My feeling is that the portrait does not come from the Warsaw volume, though the Polish newspapers have talked about this a bit, there has been no official reaction from the library staff concerning whether they agree that the end of a vellum sheet is missing from the volume.
UPDATE 31 Oct 2011.
Just now I received a grumpy comment from Martin Kemp, complaining that I was discussing the newspaper articles I read, and not "the full evidence" he'd posted as a pdf "on the Leonardo da Vinci Society website and the Lumiere website".
This is very muddled because the author has not taken the trouble to look at the full evidence (not press summaries) pasted on the Leonardo da Vinci Society website and the Lumiere website. Nor has he had the courtesy to contact Pascal Cotte or myself to clarify any of the points. http://www.bbk.ac.uk/hosted/leonardo/#HH Martin Kemp
A fairly extensive Google search had failed to pick up this material on 28th September , so it's hardly my fault I did not refer to it.
I suspect this is it: La Bella Principessa and the Warsaw Sforziad, by Pascal Cotte and Martin Kemp (was this undated text really available on 28th September?) make of it what you will. I am still not convinced by the "science". I look forward to the full publication of the evidence.
2 comments:
Greetings Mr Barford. I am pleased to find another fine blog on antiquities!
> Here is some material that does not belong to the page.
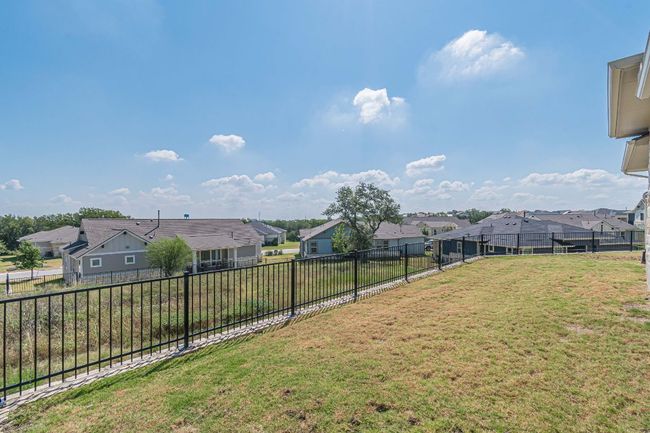 View of yard featuring a residential view | Image 33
I am still preparing a plain language summary of the newer findings, but you and your readers may be interested in this more complete appraisal of the original Kemp/Cotte investigation.
http://goo.gl/m5hWR
I have no personal stake in the case, and do not have an opinion on the piece's authenticity - I'm more interested in the methods used to verify works from this period and the manner in which this is reported. There definitely (and unfortunately) is no consistent standard for such investigations.
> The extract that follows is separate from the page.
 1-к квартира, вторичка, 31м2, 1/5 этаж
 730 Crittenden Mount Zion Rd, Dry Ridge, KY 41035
The media reporting of the case has been unfortunately somewhat garbled - something I hoped to address in my review. A fuller picture is simply what I was hoping to offer, so at least our astute readers may make a better informed decision.
Kind Regards
H Niyazi
Mr Niyazi, despite the manner in which Prof Kemp sees fit to address me, neither do I nor my readers have any vested interest. I am however very interested in fakery and authenticity issues.
Indeed, let us have that fuller account which shows that that particular drawing was on a particular piece of vellum that came from that particular volume. The case seems to me unproven. "Could have been" is not proof.
What this has in common with the antiquities issue is the damaging lack of a collecting history which shows how it (allegedly) got from the Polish Royal collection or the Zamoyski collection to where it "surfaces" on the market. Was it stolen? Is it a fake? The same questions, aren't they?